Last updated at Posted at 2019-11-10

RPAは様々な業種の様々な業務に適用されているが、業種/業務の内容にかかわらず、RPAの事例をいろいろと聞いていると、適用した業務の種類には大きく2種類の性格があることがわかる。それは「効率化できた業務」「人手では無理だった業務」である。RPAを導入中のユーザーは、効果をどう測ろうか悩んでいる場合もあるだろう。その際に、適用しようとしている業務がどちらの性格のものかを考えて、それに応じたKPIを設定してみるとよい。

"効率化できた業務"

おそらく読者の皆様が想像する多くの事例はこちらになるかもしれない。いわゆる、「●●時間かかっていた業務を削減できた」「●●人分の仕事を削減できた」というやつである。今までの仕事がどれくらいの人数と時間で行われていたかを測り、RPA適用前、適用後で比べてみることになる。

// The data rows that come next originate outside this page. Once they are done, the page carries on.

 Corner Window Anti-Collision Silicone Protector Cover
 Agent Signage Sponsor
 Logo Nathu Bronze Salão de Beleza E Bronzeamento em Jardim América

ただし、RPA適用のための業務整理の段階で、必要ない仕事だとわかってやらなくなるなどRPAツールの直接的な効果ではないもの (変革プロジェクト全体としては成果だが)や、いったん削減した後は継続的にどのように効果を出しているように見せるのか、などの課題をクリアする方法を考える必要がある。

適用業務例:

  • 全部門の請求書の処理
  • 全社員の給与計算
  • 入金情報から回収予定表の作成、入金消込等の自動化
  • 経費精算における領収書との照合作業
  • 交通費精算における運賃と行先との照合
  • 人事システムから従業員への通知メール送信
  • 過重労働の従業員を上長および本人にメール通知
  • 部品の安全性検査
  • 顧客からのメールに添付されている見積もり依頼をAIで自動判定して見積書を作成
  • 取引先への申請、発注業務。各メーカーサイトへの登録作業自動化。
  • 電子納品後の証拠書類の提出
  • 減価償却仕訳入力
  • 資産情報から会計システムへの入力。SAPやAS400などの基幹システムの操作。
  • 税務署へ提出する償却資産税申告書データの作成
  • ITシステムの管理、ログの出力と報告/通知
  • センサーなどのデバイスデータの自動集計 (IoT)。
  • 商品在庫補充の発注業務
  • 各社内システムから情報収集し、経営向けレポート作成
  • POSデータの自動収集と分析システムへの自動登録
  • ソフトウェアのテスト業務

「年間2万時間の業務時間の削減」は大きいか小さいか

最近の日経コンピュータの特集によると調査した90社のRPA導入企業のうち8割は年5万時間未満の削減、約半分の40社程度は年2万時間未満の削減にとどまったようだ。ここで年間2万時間の意味について考えてみよう。2万時間というと大きな数のように思えるかもしれないが、これは何人分なのかということを考えてみると、1人当たりの年間営業日は240日程度、1日8時間労働とすると1,920時間、つまり約2千時間が1人分ということになる。そうすると、2万時間は10人分ということになる。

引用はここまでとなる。